Este motivo no es otro que la defensa de la libertad, tanto propia como ajena. Y a él se ha aferrado la lógica soberana de reyes, emperadores, parlamentos y congresos.

Uno de los principios de esta idea es que ningún pueblo, como tampoco ningún individuo, ha de poseer un bien mientras no comprenda el valor del mismo ni desee conservarlo. De esta forma, sería absurdo intentar imponer la libertad a un pueblo mediante la fuerza. Sin embargo, si el pueblo anhela esa libertad, es deber de cualquier individuo que se considere justo el ayudarle a conseguirla.

Es aquí donde entra la instrumentalización de esta máxima por parte de los Estados, que se erigen como liberadores y generan un falso deber, justificando así su intervención en los asuntos y territorios de otros Estados, cuya libertad ponen en duda (con mayor o menor acierto).

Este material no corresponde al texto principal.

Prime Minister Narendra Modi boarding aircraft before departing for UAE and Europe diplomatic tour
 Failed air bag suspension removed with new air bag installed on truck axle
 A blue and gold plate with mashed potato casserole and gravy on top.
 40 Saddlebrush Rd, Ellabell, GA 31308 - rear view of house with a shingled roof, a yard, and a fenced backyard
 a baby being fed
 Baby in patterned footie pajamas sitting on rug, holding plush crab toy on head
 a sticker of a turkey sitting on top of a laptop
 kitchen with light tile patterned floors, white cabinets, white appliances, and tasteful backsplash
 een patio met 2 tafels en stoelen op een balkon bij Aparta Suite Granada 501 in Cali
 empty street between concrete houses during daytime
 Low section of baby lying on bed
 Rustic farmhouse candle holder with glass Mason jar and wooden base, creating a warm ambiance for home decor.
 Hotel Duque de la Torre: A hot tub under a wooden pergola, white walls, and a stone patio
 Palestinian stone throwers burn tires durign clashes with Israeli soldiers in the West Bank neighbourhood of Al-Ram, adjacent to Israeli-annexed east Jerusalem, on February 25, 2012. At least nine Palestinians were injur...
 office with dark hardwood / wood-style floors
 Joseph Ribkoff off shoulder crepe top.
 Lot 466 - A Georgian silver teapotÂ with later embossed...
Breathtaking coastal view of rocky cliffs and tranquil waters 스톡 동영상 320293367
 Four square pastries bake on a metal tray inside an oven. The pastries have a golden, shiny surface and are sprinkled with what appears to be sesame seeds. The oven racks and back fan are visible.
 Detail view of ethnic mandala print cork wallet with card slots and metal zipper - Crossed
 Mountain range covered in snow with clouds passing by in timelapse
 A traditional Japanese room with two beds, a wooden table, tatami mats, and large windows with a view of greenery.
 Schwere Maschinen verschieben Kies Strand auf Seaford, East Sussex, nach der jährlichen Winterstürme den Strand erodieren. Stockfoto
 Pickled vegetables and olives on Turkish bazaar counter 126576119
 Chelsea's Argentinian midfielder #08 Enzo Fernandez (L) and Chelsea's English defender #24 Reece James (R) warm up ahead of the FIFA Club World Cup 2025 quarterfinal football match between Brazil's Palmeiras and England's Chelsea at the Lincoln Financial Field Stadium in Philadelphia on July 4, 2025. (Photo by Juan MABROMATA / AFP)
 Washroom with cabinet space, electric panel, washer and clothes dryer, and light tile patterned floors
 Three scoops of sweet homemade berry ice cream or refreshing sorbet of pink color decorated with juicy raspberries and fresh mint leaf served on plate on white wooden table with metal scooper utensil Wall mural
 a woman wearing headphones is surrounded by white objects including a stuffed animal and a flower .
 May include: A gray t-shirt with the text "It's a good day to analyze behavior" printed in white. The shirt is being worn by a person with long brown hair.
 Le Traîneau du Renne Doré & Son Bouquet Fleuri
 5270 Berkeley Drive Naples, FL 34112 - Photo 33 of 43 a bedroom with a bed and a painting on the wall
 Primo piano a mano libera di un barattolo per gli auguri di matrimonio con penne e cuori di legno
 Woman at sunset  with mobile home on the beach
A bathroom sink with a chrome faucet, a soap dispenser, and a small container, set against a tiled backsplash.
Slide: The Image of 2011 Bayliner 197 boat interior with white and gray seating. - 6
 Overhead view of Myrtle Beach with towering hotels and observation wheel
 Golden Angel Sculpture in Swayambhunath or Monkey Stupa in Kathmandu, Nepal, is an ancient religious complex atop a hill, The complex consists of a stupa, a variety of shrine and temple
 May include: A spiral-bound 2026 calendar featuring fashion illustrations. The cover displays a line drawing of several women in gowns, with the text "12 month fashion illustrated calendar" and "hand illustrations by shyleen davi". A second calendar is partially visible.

Por ello siempre ha existido una gran objeción a que un pueblo interfiera de manera alguna en las cuestiones internas de otro, motivada por la déspota deformación de esta voluntad liberadora.

No obstante, no debemos apoyar esta postura por mucho que estemos en contra de la invasión de un Estado a otro, ya que hemos de pensar en la relación entre los pueblos, ajena a la realidad de patrias y Estados. La misma motivación que empuje a un individuo a luchar por la libertad en su propia nación debe servir para inducirle a defender la libertad de cualquier otro pueblo o individuo dentro de los límites que la realidad material imponga. Esto implica ignorar fronteras o cualquier barrera ficticia creada por los Estados para dividir al pueblo en patrias, pues la moral que debe dirigir la conducta de los individuos y los pueblos ha de ser la misma, rechazando cualquier alternativa adulterada por el Estado.